Всего доброго в жизни и на сцене.
Ф.
[Открытка, Шелезен, штемпель 29.VIII.1923]
Дорогой Макс,
рад был бы услышать несколько слов о том, как ты живешь и работаешь. Я читал грустную заметку о возвращении, надеюсь, тут не следует обобщать. О себе сказать нечего, я стараюсь немного поправиться (по приезде сюда я весил 54½, еще никогда не весил так мало), но не очень-то получается, слишком сильно противодействие, что ж, идет борьба. Местность мне нравится, и погода была до сих пор приятная, но я, должно быть, очень нравлюсь враждебной силе, она борется, как дьявол, а может, она и есть дьявол. Будь здоров, привет Феликсу и Оскару.
[Открытка, Шелезен, штемпель 6.IX.1923]
Дорогой Макс,
я не думаю о катастрофе, ты, к сожалению, смотришь на вещи, отчасти как я, но, к счастью, обладаешь и собственной силой суждения. Почему катастрофа? Неужели серьезные человеческие отношения настолько зависят от внешних дел? Если бы Э. теперь, пока не минуют худшие времена, нашла себе место при каком-нибудь ребенке, это было бы, допустим, печально, но не катастрофой же? Выражения, в каких ты говоришь о бешенстве, не соответствуют ни тебе, ни предмету. Глупо с моей стороны говорить о вещах, в которых ты разбираешься лучше, чем я, но я действительно глуп и плохо соображаю, поэтому рад возможности высказать свою уверенность хотя бы вот в чем: ребенок злится, если его карточный домик рушится оттого, что взрослый пошатнул стол. Но карточный домик рушится не оттого, что стол пошатнулся, а оттого, что это карточный домик. Настоящий дом не рухнет, даже если стол изрубить на дрова, он вообще не нуждается в постороннем фундаменте. Эти далекие прекрасные вещи сами собой разумеются… Э. я послал две открытки, а в следующую пятницу утром я буду у тебя. Когда ты едешь в Берлин? Сколько стоит поездка? Передавай, пожалуйста, привет Феликсу и Оскару.

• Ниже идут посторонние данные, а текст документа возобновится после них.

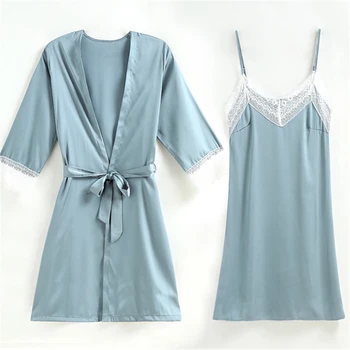 Sexy pajamas two-piece female suspenders nightdress summer thin nightgown lace temptation bathrobe hot sale 2020 new arrival
Sexy pajamas two-piece female suspenders nightdress summer thin nightgown lace temptation bathrobe hot sale 2020 new arrival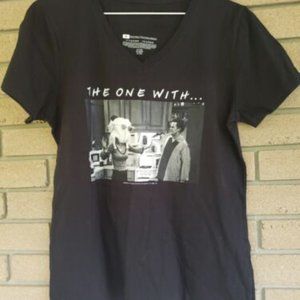 Friends - Chandler Bing - The One With - Black Womens V-Neck Tshirt Size: Medium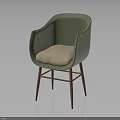Green Armchair With Beige Seat Cushion And Red Wooden Legs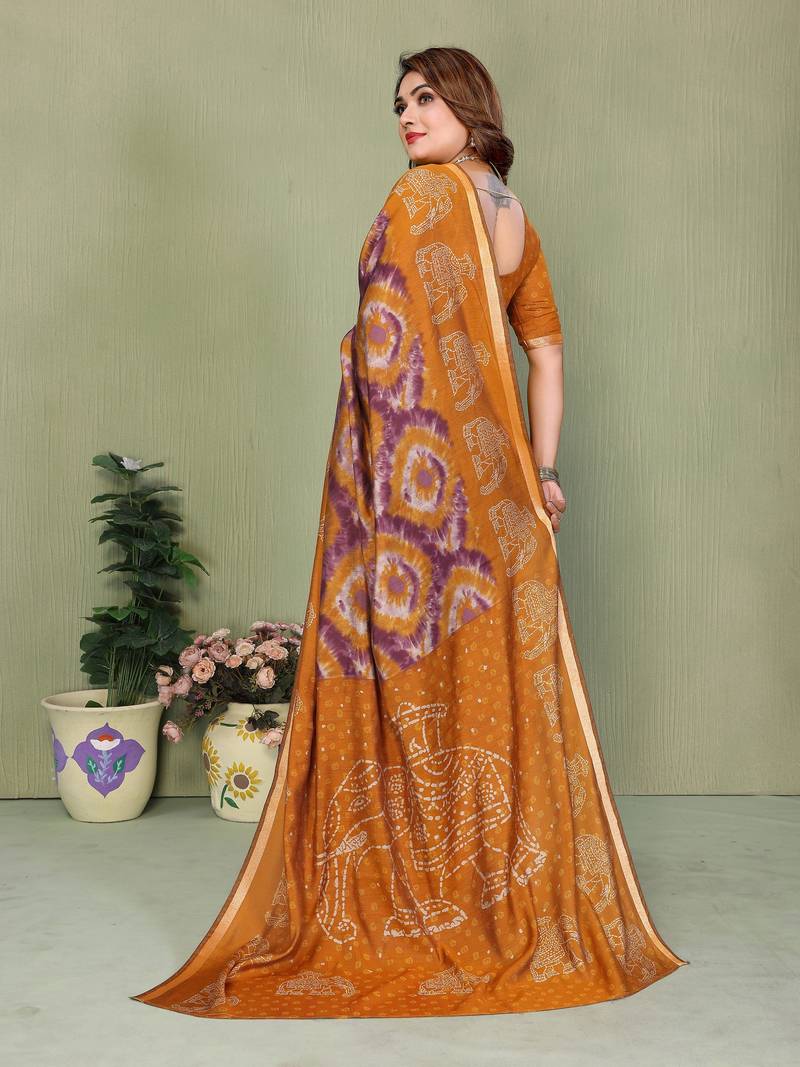 mustard color mul cotton fabric designer printed festive special saree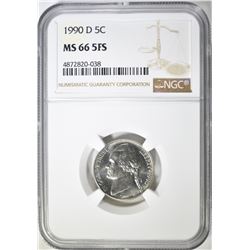 1990-D JEFFERSON NICKEL NGC MS 66 5FS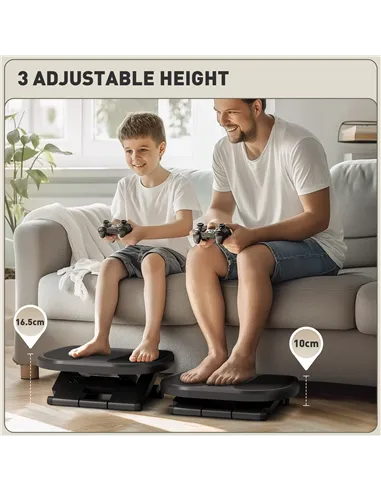 HOMCOM 0-30° Three-Height Under-Desk Support Footrest - Grey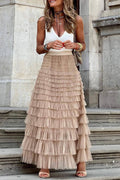 Mccolin - Layered Ruffle Maxi Skirt: KHAKI / 2XL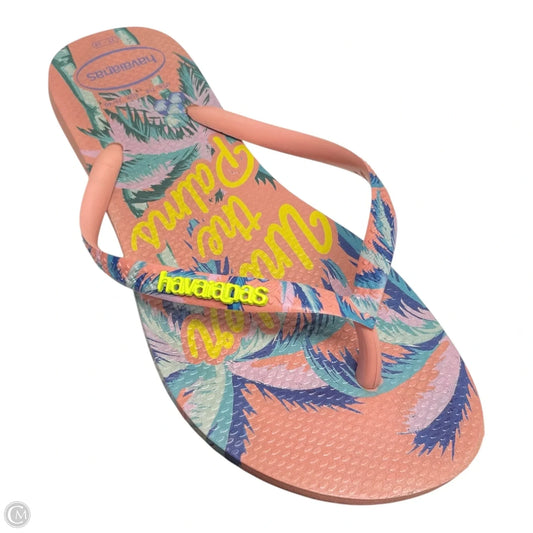 Sandals Flip Flops By Havaianas In Tropical Print, Size: 8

[Берлин — Штеглиц, дата получения 25.X.1923]
Дорогой Макс,
это верно, я ничего не пишу, но не потому, что хотел бы что-то скрыть (кроме того, что свойственно моей профессии), и тем более не потому, что мне бы не хотелось часок потолковать с тобой доверительно, такого часа, как мне иногда кажется, у меня не было со времен жизни в Италии на озерах. (Имеет смысл это сказать, потому что нам тогда была дана какая-то подлинная невинность, о которой, возможно, не стоит сожалеть, а злые силы, с хорошими или дурными намерениями, еще только слегка ощупывали вход, уже донельзя радуясь перспективе однажды туда проникнуть.) Словом, если я не пишу, то причина прежде всего, как все больше становится для меня обычным в последние годы, «стратегического» порядка, я не доверяю словам и письмам, и я хотел бы разделить свое сердце с людьми, а не с призраками, которые играют словами и читают письма, высунув язык. Особенно не доверяю я письмам, и странно верить, что достаточно заклеить конверт, чтобы письмо нетронутым дошло до адресата. Этому, впрочем, меня научила почтовая цензура времен войны, когда особая смелость и ироническая откровенность призраков производили поучительное впечатление.